Due to the electromagnetic interference filter 130, electrostatic absorption sheet 140, graphite plate 150, electromagnetic wave absorption The receiving portion 160 and the electromagnetic interference shielding pad 170 are all conductors, so current can be conducted between the electromagnetic interference filter 130, the electrostatic absorption sheet 140, the graphite plate 150, the electromagnetic wave absorption portion 160, and the electromagnetic interference shielding pad 170.

In the embodiment of FIG. 2, the electromagnetic interference filter 130 is coupled to the anode of the diode 224. Therefore, the electromagnetic interference filter 130 can filter out electromagnetic interference components in some frequency bands in the current loop, the electrostatic absorption sheet 140 can absorb the electrostatic components in the current loop, and the graphite plate 150 and the electromagnetic wave absorption part 160 can absorb some frequency bands in the current loop. The electromagnetic interference shielding pad 170 can absorb electromagnetic interference components of some frequency bands in the current loop.

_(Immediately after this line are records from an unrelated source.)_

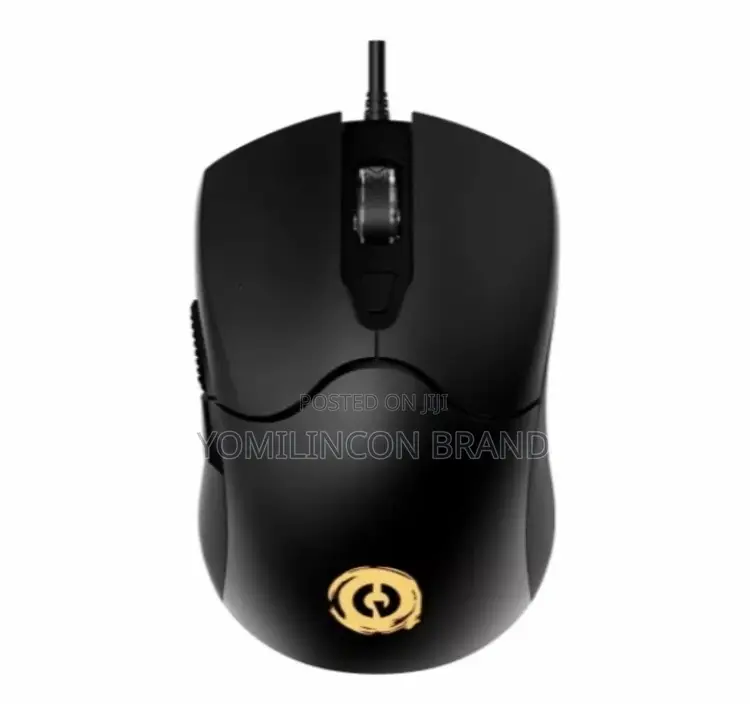 Canyon Gaming RGB Wired Mouse BLK Gm-211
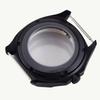 40mm Steel Sapphire Crystal Watch Case for Miyota 8215 ETA 2824 2836 Movement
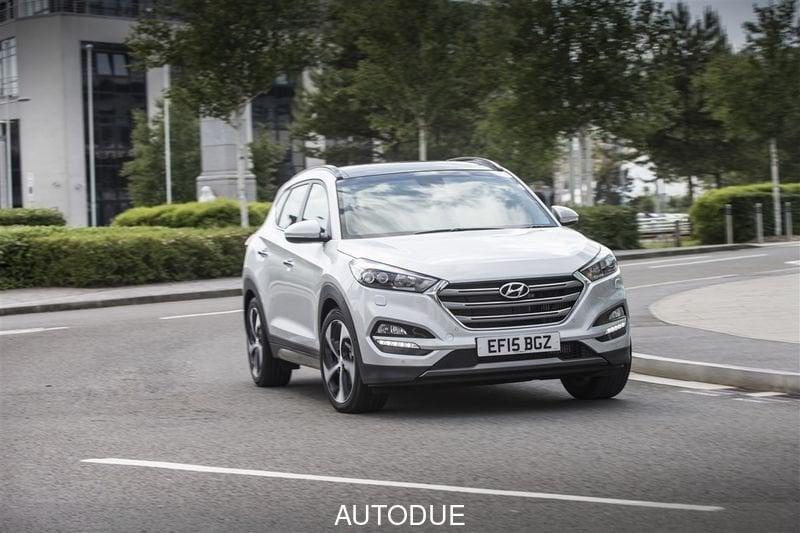 Hyundai Tucson II 2015 1.7 crdi Xpossible 2wd 115cv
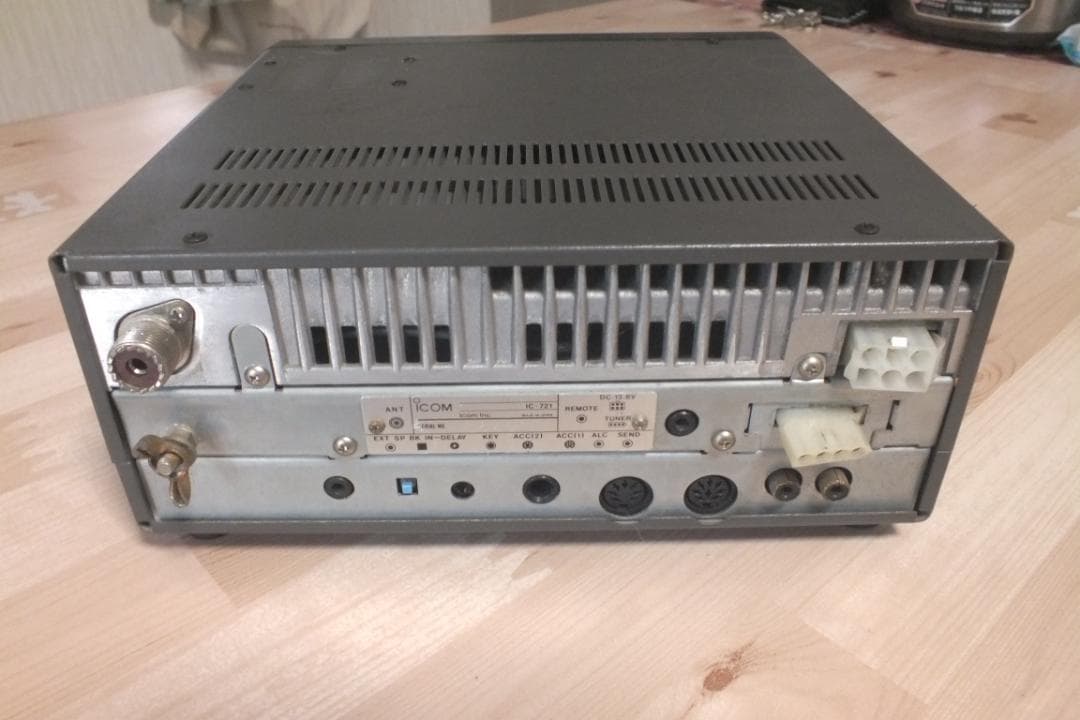 アイコム　IC-721　動作未確認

The aforementioned electromagnetic interference filter 130, electrostatic absorption sheet 140, graphite plate 150, electromagnetic wave absorption part 160, and electromagnetic interference shielding pad 170 have different signal processing frequency bands, but they can absorb multiple frequency bands in the power signal Sin when they work together. Electromagnetic waves and noise.

According to the results of the experiment, the volume of the aforementioned electromagnetic wave absorbing part 160 is designed to be between 40 and 80 cubic centimeters, which can achieve a better balance between the volume and the electromagnetic wave absorption effect. In addition, if the volume of the aforementioned graphite plate 150 is designed to be between 7% and 25% of the volume of the electromagnetic wave absorbing part 160, the overall power noise suppression effect produced is ideal.

In practice, as shown in FIG. 2, the electrostatic absorption sheet 140 or the graphite plate 150 can be modified to be coupled to the anode of the diode 224 to produce a similar effect to the aforementioned structure.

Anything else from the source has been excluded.